Elasticsearch IOPS

Hello Team

I am having Elasticsearch version 5.6.3 running on RHEL 7.4. This Cluster is of 10 nodes.

Hardware : 8 CPU and 32 GB RAM.
Hard Disk : HDD { CEPH Storage }

Elastic Data Paths : Multiple { 7 Different mount points }.

We are logging logs data into this ES cluster.

When we are performing IO Test using "fio" tool , we are getting throughput of sequential write to multiple mount points as below
WRITE: bw=20.3MiB/s (21.3MB/s), 20.3MiB/s-20.3MiB/s (21.3MB/s-21.3MB/s), io=24.0GiB (25.8GB), run=1210725-1210725msec

When indexing is being performed , we are getting speed of 30-40 records are documented in indices per 10 seconds. Its very slow.

I would like to understand why is the difference so huge when its comes to realistic data pushing.

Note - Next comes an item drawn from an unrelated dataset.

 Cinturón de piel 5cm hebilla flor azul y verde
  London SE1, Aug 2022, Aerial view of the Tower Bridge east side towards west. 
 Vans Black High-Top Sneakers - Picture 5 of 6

Reference : fio job config file :

[global]
bs=4K
iodepth=64
direct=1
ioengine=mmap
group_reporting
numjobs=4
name=es_io_chk
rw=write
nrfiles=4
randrepeat=1
gtod_reduce=1
size=1G

[job1]
directory=/usrdata
filename=test_io

[job2]
directory=/usrdata2
filename=test_io

[job3]
directory=/usrdata3
filename=test_io

[job4]
directory=/usrdata4
filename=test_io

[job5]
directory=/usrdata5
filename=test_io

[job6]
directory=/usrdata6
filename=test_io

Could you please help me in understanding this behaviour.

Thanks

That's been EOL for quite some time, please upgrade as a matter of urgency.

That's why, get rid of it and your issues will likely go away

Hi Mark

Yes, I understand ES 5.6.3 is very old one. We are testing with new ES 7.x version.

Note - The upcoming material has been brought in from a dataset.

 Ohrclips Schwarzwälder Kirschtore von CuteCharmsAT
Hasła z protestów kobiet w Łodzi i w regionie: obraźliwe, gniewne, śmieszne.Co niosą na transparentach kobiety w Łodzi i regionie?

Ideally I know HDD are bad performer , at same time I need to prove that its IO is too bad for our system / application.

When IO Testing was done , its results were surprising for me as 20Mibs throughput is seen.
While Indexing is dead slow.

Could you help me with "fio" what parameters should I pass in, to get like Elasticsearch IO behaviour and true throughput can be captured.

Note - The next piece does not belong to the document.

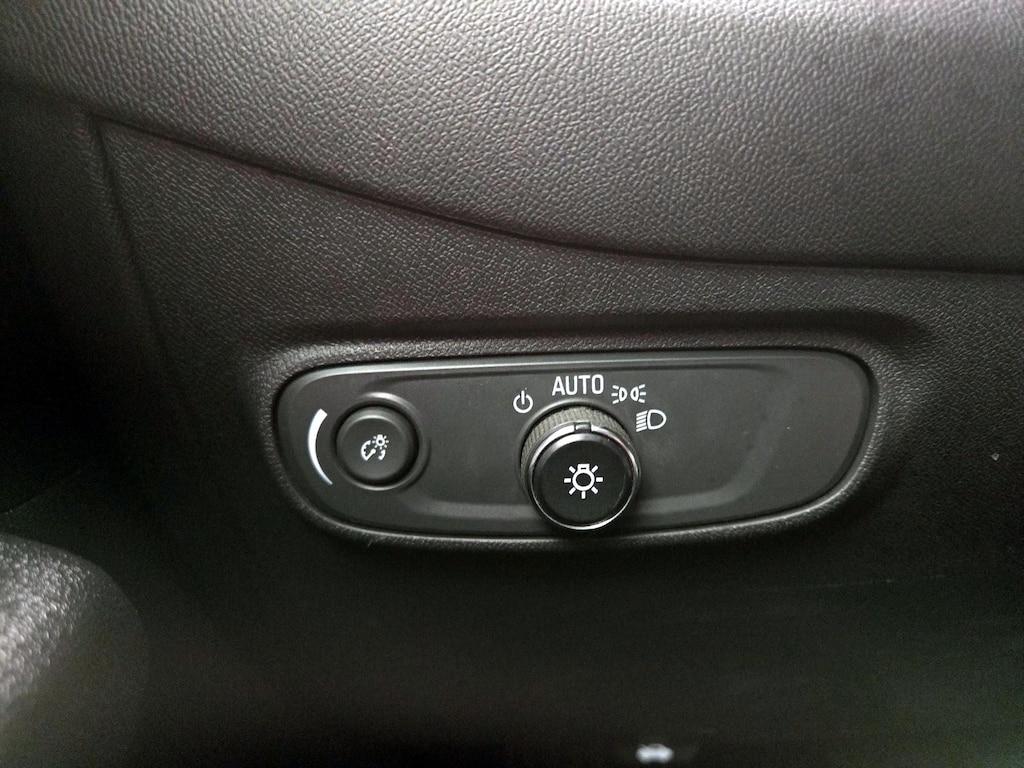 used 2022 Chevrolet Equinox car, priced at $19,998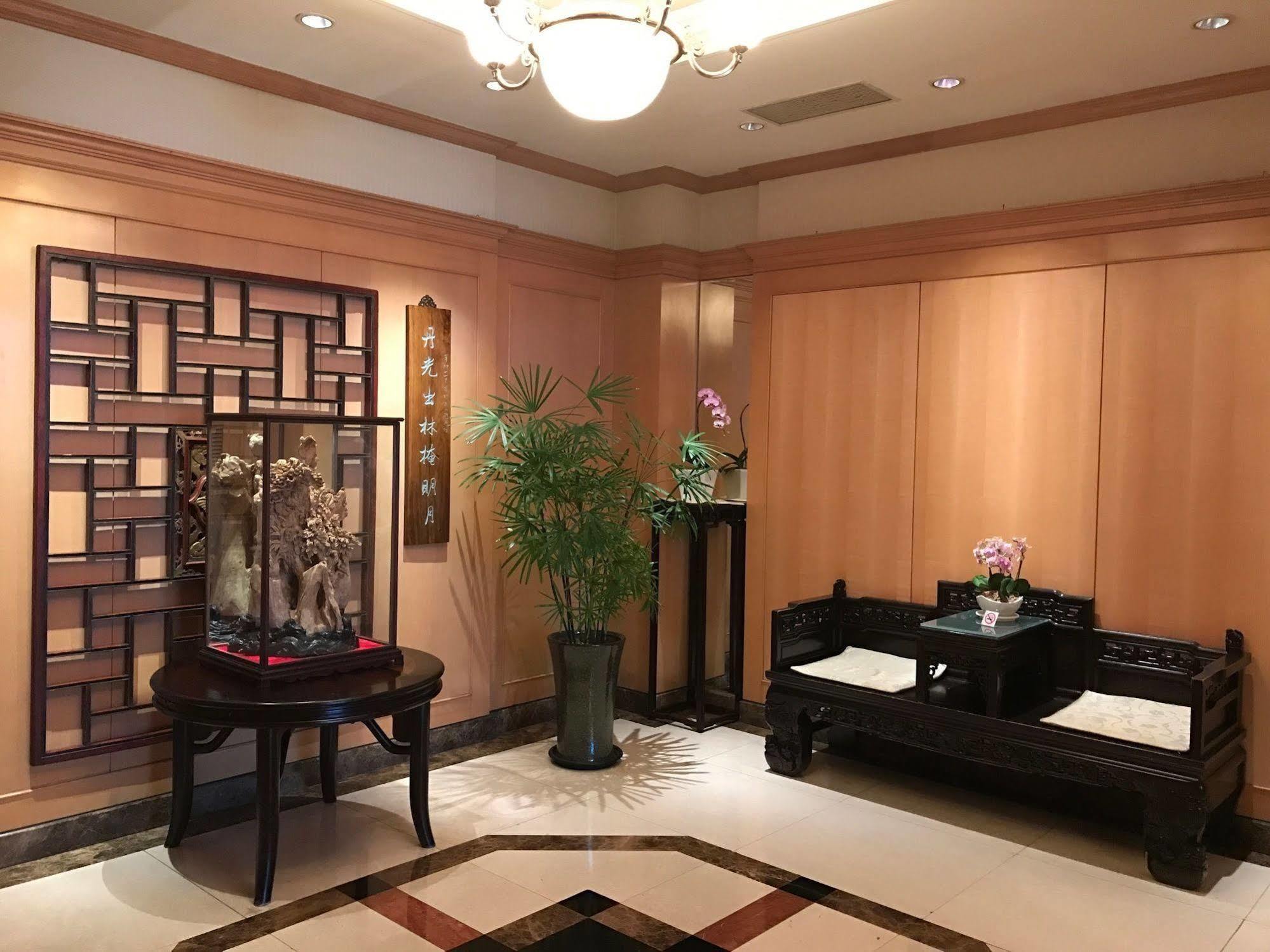 Dong Wu Taipei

Why is Elasticsearch so slow in documenting data 30-40 docs per 10 secs.

We don't support Elasticsearch with distributed filesystems, so it's unlikely you will find anything to fix your issue other than moving away from ceph sorry.

Okay. We have option of specifying multiple data path for ES cluster in each node.

what would be the purpose of this ?

Do you suggest that we should have single mount point { /usrdata -- of 10 TB } on each node of elasticsearch to server documenting ?

The issue is not multiple data paths, the issue is ceph is distributed.
You are then running a high performance distributed system on top of a distributed filesystem. It's not really designed for high performance.

Okay , Understood.

Could you please confirm Elasticsearch performs write operations in SEQUENTIAL manner and using mmap file system to store shard data ...?

Is there fio command options to be used for benchmarking IO performance , equivalent to ES oeprations ?

So Elasticsearch on Distributed file system is not supported , then it would not be supported on NETAPP storage too ?

Elasticsearch does generally not write very large segments sequentially, so your fio load is likely not very representative. I would recommend trying with a random read/write load instead as I would expect that to better match an Elasticsearch load pattern.

I recall having seen issues with GlusterFS and NFS in the past but am not sure whether these issues persists.

Okay, Understood.

Could you please elaborate Large segments means ==> Single Document of huge mapping and complex structure ? OR in parallel pushing multiple documents to different indices ?

In our case , out mapping is not that huge and majorly consist of text. We do push multiple docs to multiple indices in parallel at a time from different applications of ours.

Also from Elasticsearch documentation , I learned that ES writes data in sequential manner. Hence I am doing sequential testing .. using MMAP as ioengine.

Also we have observed , CEPH storage having SSD are 50 times faster then CEPH HDD... both being on CEPH are distributed storages. Hence not able to reach conclusion by would HDD have such a slow IO when fio shows its IOPS = 3000-3500 and having bandwidth of 20Mibs ....

I find that dip benchmarks with large sequential reads and writes are not representative of normal Elasticsearch load. If you believe differently I would recommend setting up a cluster with fast local storage and run a test with representative load and profile io access patterns.

This topic was automatically closed 28 days after the last reply. New replies are no longer allowed.